Exercise objective:
For the entries that follow, retype exactly the lines from the one containing "AG HFUS - 2SH" to the one containing "2017 Toyota Tacoma TRD Off-Road Crew Cab", inclusive, and only those. Images stay out of the copy.

Extracted records:
=== Begin Enclosure ===
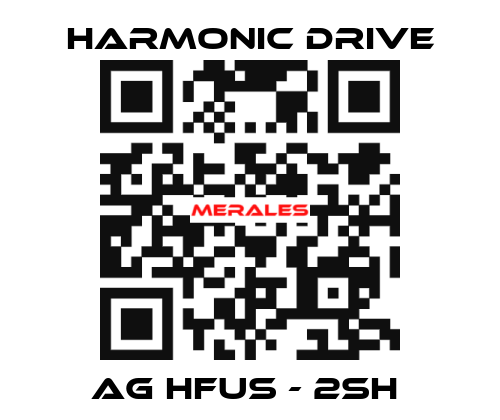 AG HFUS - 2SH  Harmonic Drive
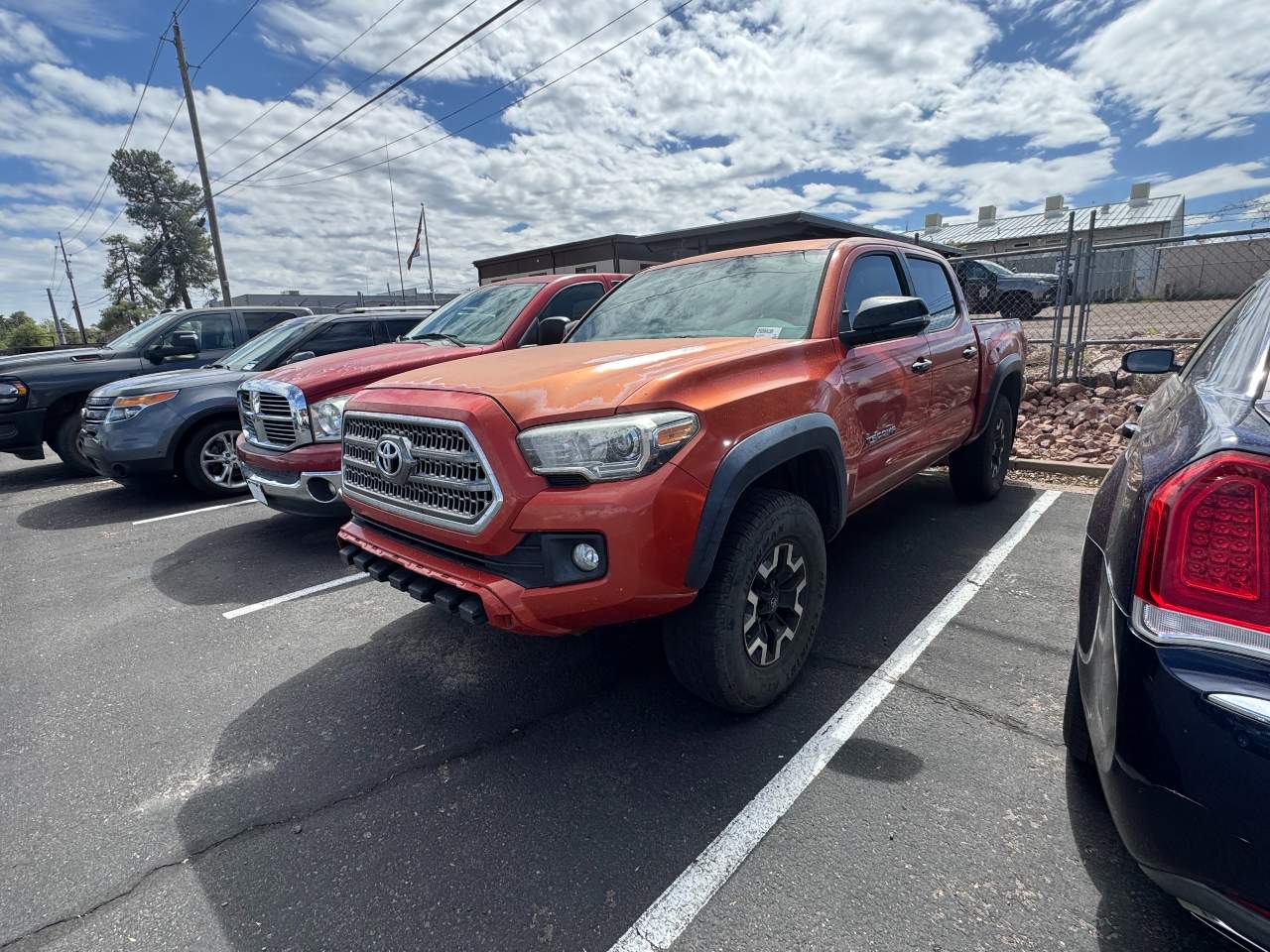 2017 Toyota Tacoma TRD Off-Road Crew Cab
=== End Enclosure ===
=== Begin Enclosure ===
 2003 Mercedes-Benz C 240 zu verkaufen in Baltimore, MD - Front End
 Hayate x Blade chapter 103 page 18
=== End Enclosure ===
Result of the task:
 AG HFUS - 2SH  Harmonic Drive
 2017 Toyota Tacoma TRD Off-Road Crew Cab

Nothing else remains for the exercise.